▶ _Problem statement_
Your answer must be the full listing below, repeated exactly, with no pictures in it.

▶ _Data section_
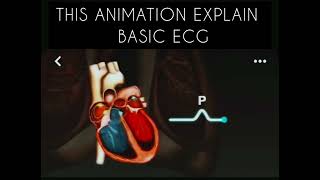 ECG Made Simple Understanding Heart Rhythms [upl. by Morrissey]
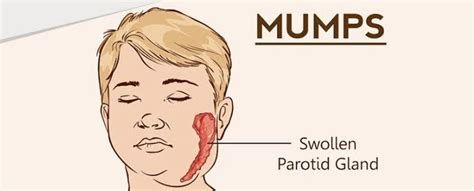 South Africa Alert Mumps On The Rise Central News South Africa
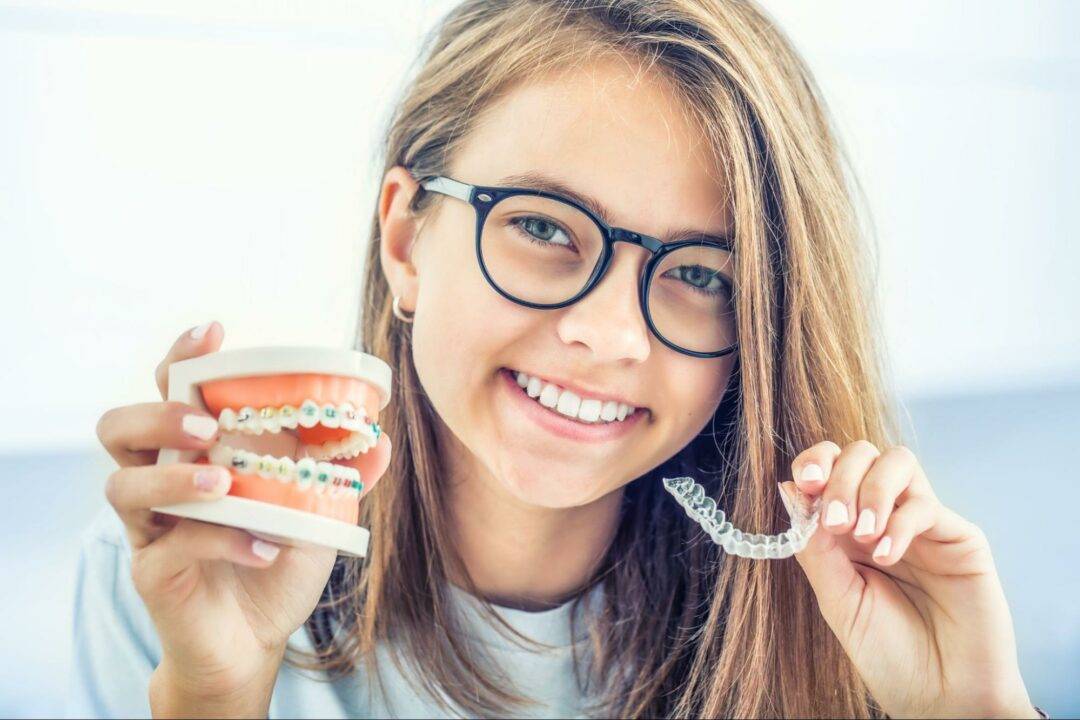 Clear Aligners for Teens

▶ _Exercise output_
 ECG Made Simple Understanding Heart Rhythms [upl. by Morrissey]
 South Africa Alert Mumps On The Rise Central News South Africa
 Clear Aligners for Teens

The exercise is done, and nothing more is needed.